I think it was Piotrovsky, during a press conference in March 2014, who said that the impact of the education programme will be felt in the next decade because maybe in ten years we can understand what Manifesta has meant, because then this generation who experienced Manifesta, worked in Manifesta, will hopefully have built up their own methodology and their own language and a way to relate to contemporary art.
The Manifesta education programme also has many workshops: Manifesta TV, Manifesta Dacha, Manifesta On Board, Manifesta Summerschools and Manifesta Nights. There are many training programmes for teachers, because if you don’t start with teachers, the students will not be brought in easily. So it is a different pedagogical methodology which Manifesta uses, and I hope that this will last and have a long term impact. It is good to work together with the Hermitage because they have a youth education department and they might be interested in our methodology, and use this pedagogical system for their own purposes. For the first time, there will be education spaces in the Hermitage for children to produce works themselves.
LS: Will Manifesta TV also address the issues of media freedom?
HF: I think Manifesta TV is a good example of ‘just do it’. Then of course in the public programme, in the film programme, in the TV project – everywhere this criticality and the critical response to what is happening in Russia today will be specifically discussed. So we have to see how this works out. I can hardly say how we will manage this; we have to see what happens.
LS: Can we summarise the politics of Manifesta in the present situation as: ‘just do it’ and see how far we can go?

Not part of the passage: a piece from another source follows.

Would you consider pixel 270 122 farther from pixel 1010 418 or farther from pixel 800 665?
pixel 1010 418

HF: Yes, maybe, because we need to be extremely modest. Let’s first do something, let’s first see if we can open the show, let’s first see if we can put together the education programme, and then let’s analyse it later. I ask everybody to allow us to do the work on an artistic level and of course we will address every issue which we face in our daily work in a critical way. People should understand that we are not a political organisation and we do not function like the European Commission or a multilateral organisation. Maybe this is the power of something like Manifesta.

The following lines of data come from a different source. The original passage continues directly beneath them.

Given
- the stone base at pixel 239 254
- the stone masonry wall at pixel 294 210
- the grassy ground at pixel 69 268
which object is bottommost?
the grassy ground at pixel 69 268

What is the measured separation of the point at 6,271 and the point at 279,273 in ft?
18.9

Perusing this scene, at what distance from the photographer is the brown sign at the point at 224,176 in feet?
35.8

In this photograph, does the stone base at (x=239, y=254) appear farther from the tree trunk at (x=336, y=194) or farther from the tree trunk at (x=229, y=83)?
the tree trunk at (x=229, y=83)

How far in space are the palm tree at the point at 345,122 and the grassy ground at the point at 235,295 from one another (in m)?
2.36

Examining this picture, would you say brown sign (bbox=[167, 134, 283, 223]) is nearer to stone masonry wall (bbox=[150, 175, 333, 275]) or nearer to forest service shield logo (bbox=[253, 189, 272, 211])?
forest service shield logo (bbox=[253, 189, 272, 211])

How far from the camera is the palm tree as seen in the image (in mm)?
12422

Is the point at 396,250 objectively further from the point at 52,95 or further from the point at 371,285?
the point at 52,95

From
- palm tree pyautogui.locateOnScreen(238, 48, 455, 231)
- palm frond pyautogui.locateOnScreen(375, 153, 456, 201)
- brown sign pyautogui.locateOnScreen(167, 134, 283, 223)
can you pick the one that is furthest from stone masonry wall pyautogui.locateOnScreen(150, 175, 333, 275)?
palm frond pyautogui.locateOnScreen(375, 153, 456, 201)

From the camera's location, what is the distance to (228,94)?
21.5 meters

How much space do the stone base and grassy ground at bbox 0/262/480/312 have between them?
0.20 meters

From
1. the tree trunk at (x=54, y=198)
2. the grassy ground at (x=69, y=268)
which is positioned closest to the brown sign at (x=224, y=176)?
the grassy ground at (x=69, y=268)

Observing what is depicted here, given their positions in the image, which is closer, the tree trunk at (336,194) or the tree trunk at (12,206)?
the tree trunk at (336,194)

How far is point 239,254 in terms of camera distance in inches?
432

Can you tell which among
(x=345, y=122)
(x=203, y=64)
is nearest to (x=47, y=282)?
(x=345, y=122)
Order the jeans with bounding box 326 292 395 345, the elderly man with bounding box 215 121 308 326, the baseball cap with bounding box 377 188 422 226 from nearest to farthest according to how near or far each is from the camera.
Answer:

LS: With Joseph Beuys as one of the artists in the Hermitage exhibition, there will be immediate associations with the artist’s past during WWII and his links to Crimea and the Tartars who rescued him.
HF: That is amazing, I don’t know if Kasper has that in mind. These kinds of associations are almost metaphors and will give power to the exhibition.
LS: Is there anything else you’d like to add?
HF: Please emphasise the engagement of the super committed staff here, the people in the Hermitage and the people in the city, and all the volunteers. This is super important for Manifesta: only because of them were we able to stage it. This Manifesta is a celebration of their efforts.
*Rein Lang, Minister of Culture of Estonia in 2011–2013
Manifesta – the European Biennial of Contemporary art and culture that changes location every two years. Manifesta began as a Dutch initiative to create a pan-European platform for the contemporary visual arts. Manifesta 10 took place in St Petersburg from 28 June to 31 October 2014. For more information: manifesta.org
Hedwig fijen – the Founding Director of Manifesta, in charge of all aspects of the Manifesta organisation, including the selection of host cities for the biennial, thematic content and the curatorial selection.